## Problem to work on
State how many lines of the records contain the string "Shirt", and give no other information.

Data: Begin

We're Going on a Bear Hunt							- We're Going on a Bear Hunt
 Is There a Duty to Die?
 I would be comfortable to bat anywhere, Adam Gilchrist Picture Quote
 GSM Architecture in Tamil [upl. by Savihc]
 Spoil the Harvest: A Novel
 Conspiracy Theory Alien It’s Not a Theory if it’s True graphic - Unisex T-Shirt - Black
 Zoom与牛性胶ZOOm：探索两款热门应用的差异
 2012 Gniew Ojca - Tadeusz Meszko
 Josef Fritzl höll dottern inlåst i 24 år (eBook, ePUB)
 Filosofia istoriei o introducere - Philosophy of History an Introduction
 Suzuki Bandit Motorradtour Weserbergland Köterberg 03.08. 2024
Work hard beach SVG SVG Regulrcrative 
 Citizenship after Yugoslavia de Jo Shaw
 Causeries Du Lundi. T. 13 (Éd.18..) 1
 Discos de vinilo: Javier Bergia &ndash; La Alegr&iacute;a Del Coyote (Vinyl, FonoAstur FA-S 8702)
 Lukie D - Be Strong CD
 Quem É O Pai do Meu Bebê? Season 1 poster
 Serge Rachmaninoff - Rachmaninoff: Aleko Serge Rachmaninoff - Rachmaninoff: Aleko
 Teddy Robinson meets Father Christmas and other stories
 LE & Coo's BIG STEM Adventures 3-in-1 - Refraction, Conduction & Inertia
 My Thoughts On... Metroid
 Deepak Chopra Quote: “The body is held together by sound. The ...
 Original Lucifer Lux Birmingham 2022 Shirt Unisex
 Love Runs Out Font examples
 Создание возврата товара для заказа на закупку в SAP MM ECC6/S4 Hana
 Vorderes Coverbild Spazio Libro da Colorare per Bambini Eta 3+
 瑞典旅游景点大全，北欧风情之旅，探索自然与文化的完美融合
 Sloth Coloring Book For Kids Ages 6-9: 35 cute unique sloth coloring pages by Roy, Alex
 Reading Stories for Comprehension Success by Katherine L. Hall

Data: End

## Written reply
2